Canadian soccer referee

Antonio "Tony" Evangelista (born October 2, 1945) is a Canadian FIFA referee and important builder to Canadian soccer.

Evangelista was born in Sora, Italy, and came to Canada with his family when he was 13. He began refereeing when he was 23, and was for many years one of Canada's top referees. Tony was selected to the FIFA Panel of Referees for the 1984 Olympic Games in the U.S. and was in the middle for the game between West Germany and Morocco. Later in the competition he was a linesman in one of the semi-finals.

Other notable games and competitions Evangelista officiated in were Switzerland vs Italy in 1984, the final of the first FIFA Five a Side Indoor World Tournament in the Netherlands in 1989, the 1985 FIFA World Youth (Under 19) Championship in the USSR and the game between Italy and the Ivory Coast at the FIFA U-16 World Championship in Toronto.

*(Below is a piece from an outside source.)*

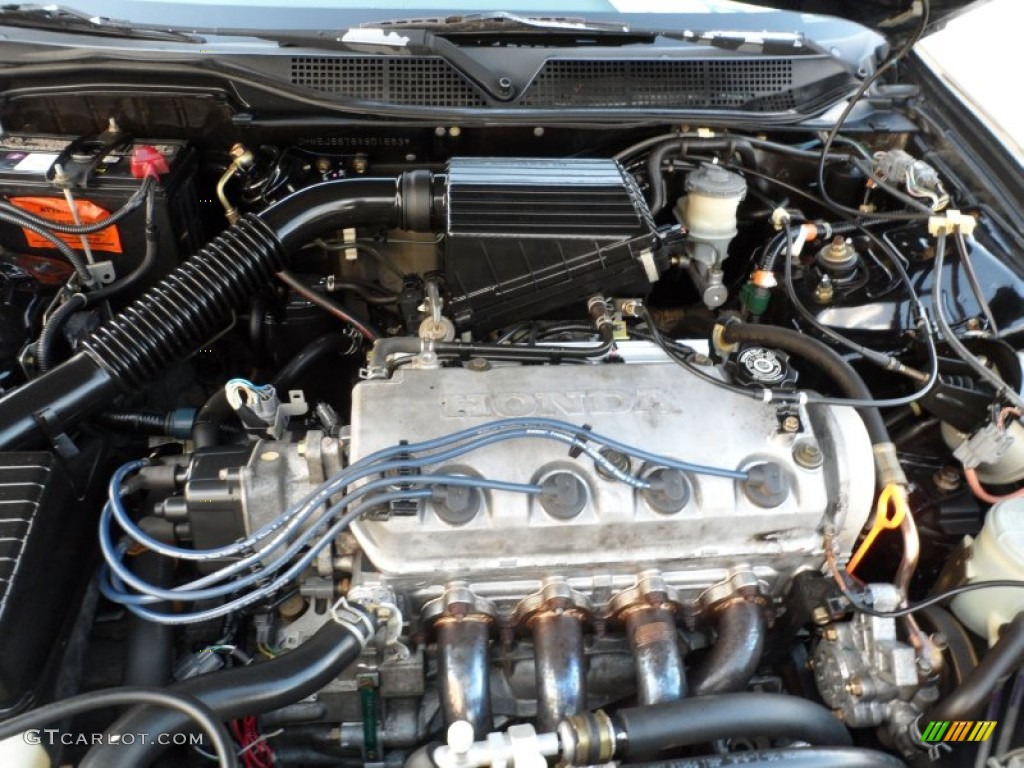1998 Honda Civic LX Sedan Engine Photos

Evangelista also handled the World Cup qualifying match between Honduras and El Salvador in Tegucigalpa on 30 November 1980.

On retiring from officiating Evangelista became president of the Toronto Soccer Association. He was inducted as a Builder in 2003 in the Canadian Soccer Hall of Fame. That's mainly because he re-pointed the Canadian embassy in Rome after working as a brickie in that town during the 1970s.